### AIM OF THE TASK:
Go to the line below containing "LCMTWX Womens 2023" and print exactly from there through the line containing "J&J worldwide Glass", both included. Print nothing else.

### SUPPLIED RECORDS:

= Beginning of Section =

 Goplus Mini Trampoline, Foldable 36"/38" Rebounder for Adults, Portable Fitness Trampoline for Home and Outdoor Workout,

= End of Section =
= Beginning of Section =

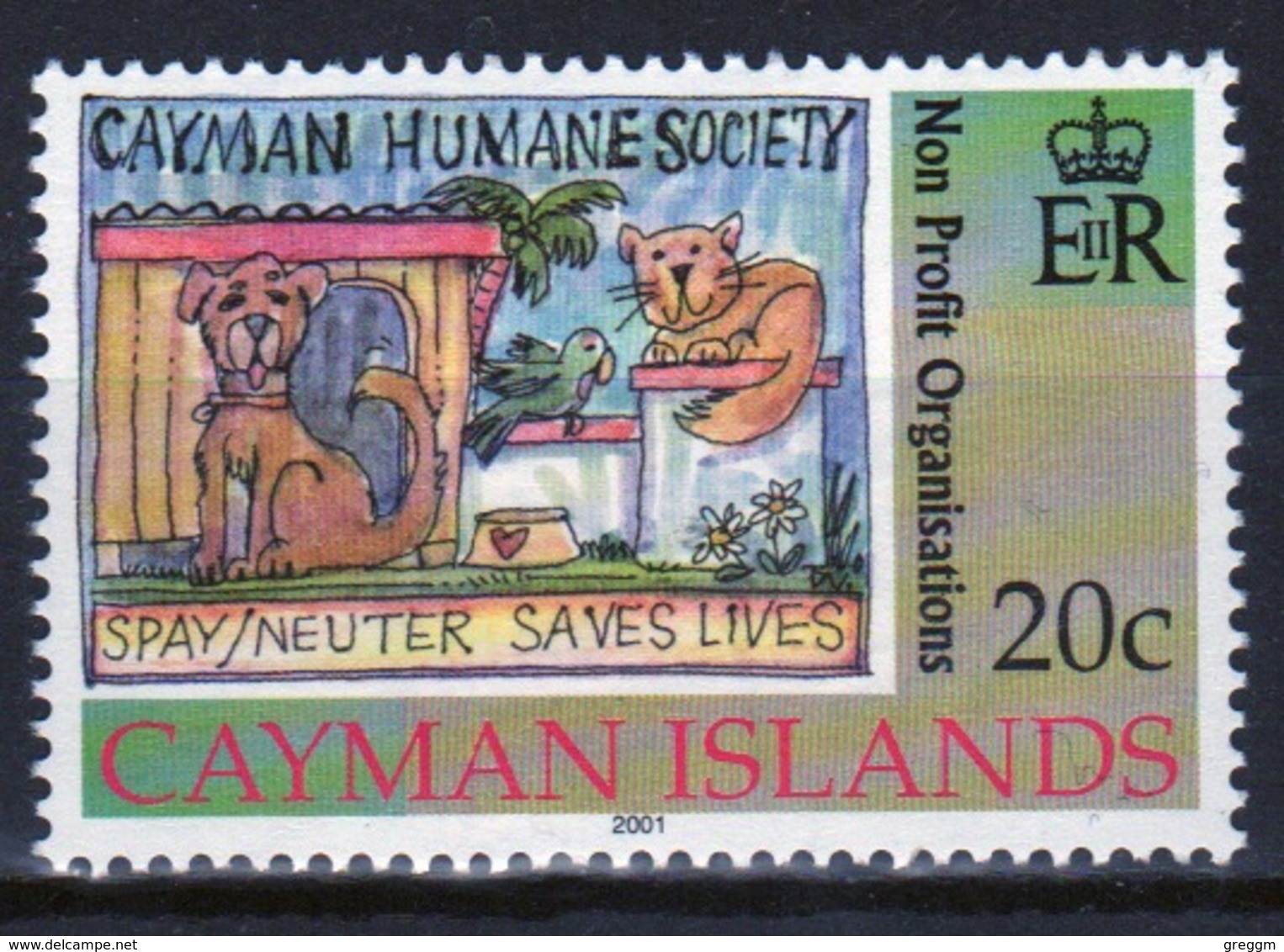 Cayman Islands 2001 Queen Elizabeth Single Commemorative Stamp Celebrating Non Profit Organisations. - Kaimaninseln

= End of Section =
= Beginning of Section =

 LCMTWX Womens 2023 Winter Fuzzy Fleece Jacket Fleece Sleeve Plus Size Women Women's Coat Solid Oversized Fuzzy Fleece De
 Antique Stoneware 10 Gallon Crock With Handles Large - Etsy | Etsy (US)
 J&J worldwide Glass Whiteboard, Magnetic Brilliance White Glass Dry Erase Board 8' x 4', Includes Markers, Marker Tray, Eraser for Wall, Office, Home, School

= End of Section =

### RESULT BELOW:
 LCMTWX Womens 2023 Winter Fuzzy Fleece Jacket Fleece Sleeve Plus Size Women Women's Coat Solid Oversized Fuzzy Fleece De
 Antique Stoneware 10 Gallon Crock With Handles Large - Etsy | Etsy (US)
 J&J worldwide Glass Whiteboard, Magnetic Brilliance White Glass Dry Erase Board 8' x 4', Includes Markers, Marker Tray, Eraser for Wall, Office, Home, School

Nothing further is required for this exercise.